本来は女性の体つきに対する、やや性的ニュアンスを持つ最大の賞賛表現、ほめ言葉です。 その後転じて、例えば魅力的なデザインの工業製品 (楽器や自動車やバイク、カメラ他) の形容詞になったり、本来の 「豊かだ」「魅力的だ」 との意から、音楽の音色、アルコール飲料の味わいなどの形容詞としても使われるようになっています。
ただし胸やお尻の大きい女性、とりわけ 巨乳 な女性がしばしば太り気味なこともあり、肥満女性やぽっちゃり目の女性を揶揄、嘲笑する意味で、ことさらに 「グラマー」(もしくは 「グラマーすぎるだろ」 など) と表現する場合もあります。 現在の日本においては、対象に男女を問わない単なる 「デブ」 の意味で使うケースも大変多い、独特の言葉となっていますね。

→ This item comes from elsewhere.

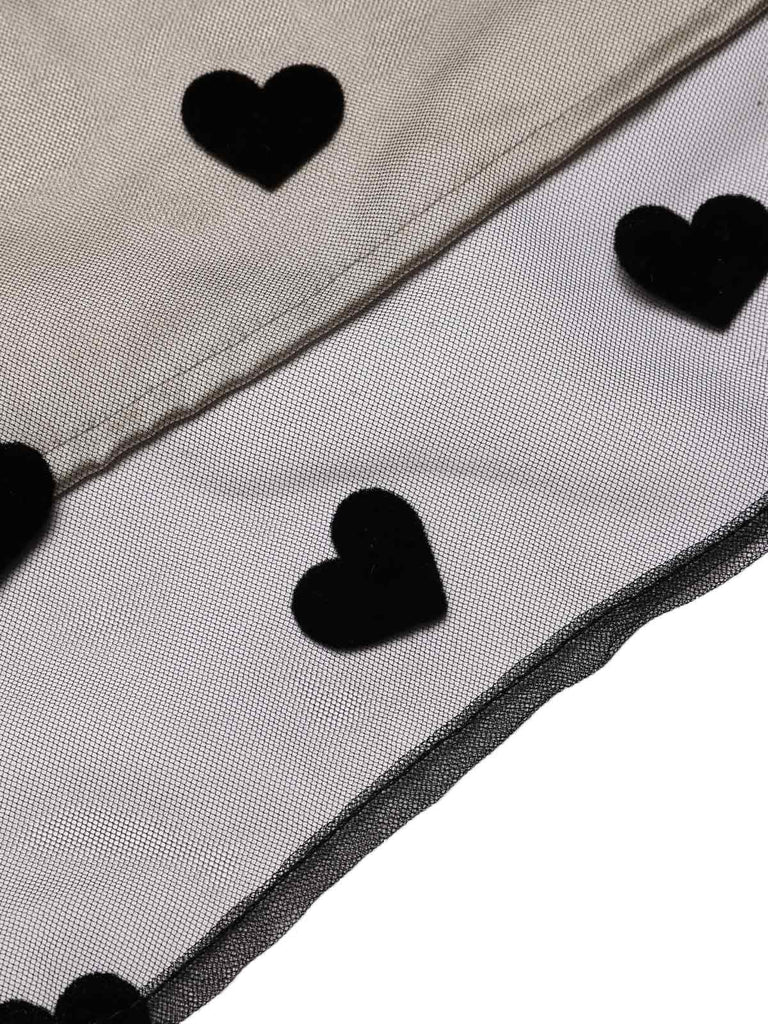 Heart 1950s Mesh Sling Dress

やっぱり白人女性はグラマーでええのぉ…的な昭和チックな言葉
用語自体は英語の 「Glamour」(Glamour Girl、もしくは Glamor/ 魅力的、魅惑的) がそのままカタカナ化したもので、前述した 「グラマラス」 のほか、「ナイスバディ」 などと呼ぶ場合もあります。 対義語は一般に 「スレンダー」(Slender/ 細っそりとして、スラリとした少年のような体つき)、あるいはメリハリのない体ということで 「寸胴」(ずんどう)、もしくは豊満の逆で未熟だ、ロリ な体型だとの意味で つるぺた などがあります。 また女性のグラマーに対して男性の場合は逞しい、「マッチョ」 なんて感じになります。

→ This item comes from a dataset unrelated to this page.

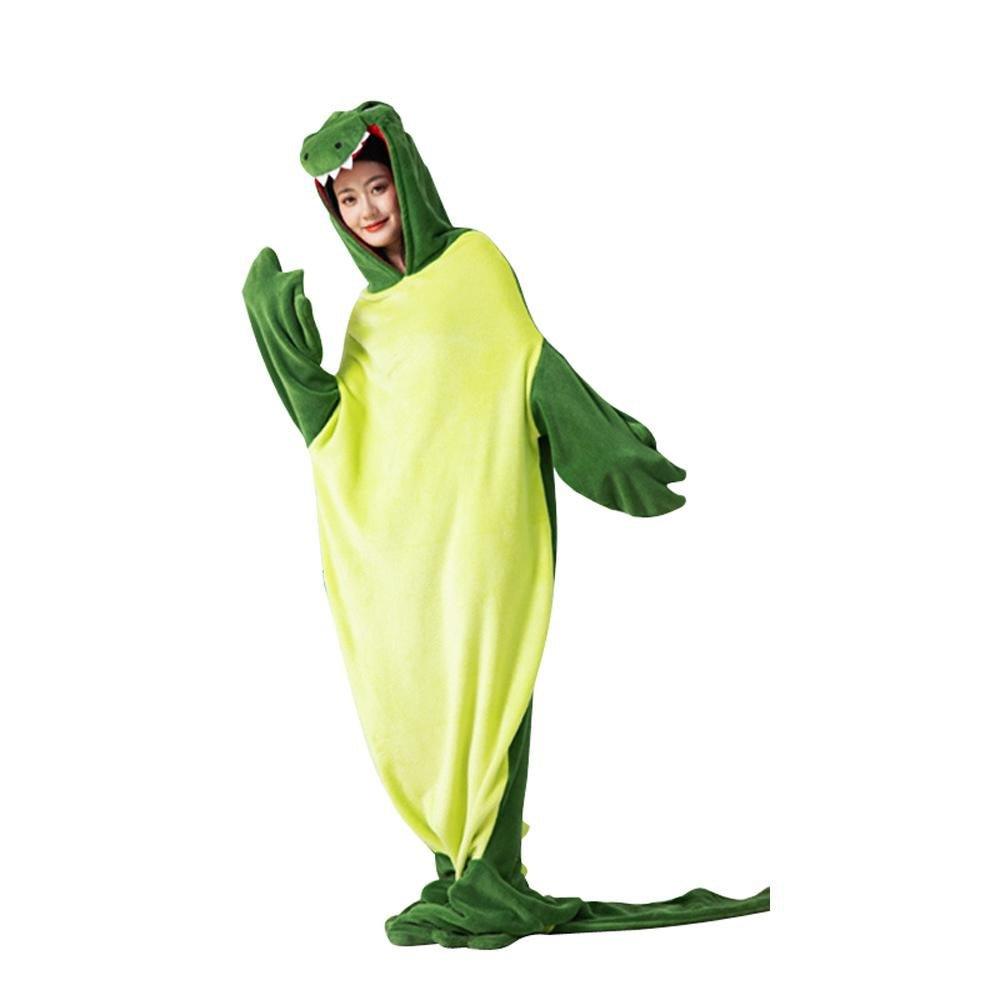 Crocodile Animal kigurumi onesies Costume Cozy Fleece Pajama Robe - Pajamasbuy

言葉自体は古いものの、日本で盛んに使われるようになったのは戦後になってからで、雑誌プレイボーイのヌードピンナップ、いわゆるプレイメイトのダイナミックな裸体を賞賛するような言葉でした。 ハリウッド女優のマリリン・モンロー (Marilyn Monroe/ 1926年6月1日〜1962年8月5日) などが代表的ですが、当時は日本の男性も女性も民族的な体格の違いによる理由、栄養状態の悪さなどもあり体つきが貧弱で、欧米女性の豊かな体つきはたいそう魅力的に見えたのでしょう。
なお ネットスラング の ふとましい なども、似た賞賛表現の一種となります。
トランジスタグラマーって何ですか?
ちなみに似た言葉に 「トランジスタグラマー」 ってのがありますが、これは電子部品のトランジスタのように、小さいけれど均整が取れ、足が細く魅力的な体つきを指す言葉となります。

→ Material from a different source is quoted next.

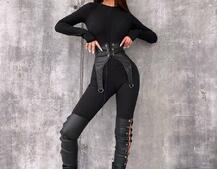 Комбінезон в комплекті з корсетом  | PUSHKA SHOP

東京通信工業 (現 SONY) が日本製のトランジスタラジオの第1号 「TR-55」(1955年) を完成し、販売を開始した頃に生まれた言葉のようで、この日本製トランジスタラジオは海外で大ヒット、電子立国日本の礎を築く出発点となりました。 「トランジスタグラマー」 も1950年代末に新しい女性の賞賛表現として使われるようになり、主におっさんが購読するような駅売りの雑誌メディアなどで盛んに使われるようになりました。
グラマーにせよトランジスタグラマーにせよ、男性から女性を評価する言葉として現在ではルッキズム批判やセクハラ批判の文脈で語られるような言葉となり、ほとんど死語のような扱いです。 いずれも盛んに使われていたのは高度経済成長真っ盛り、1964年の東京オリンピックのちょっと前のお話です。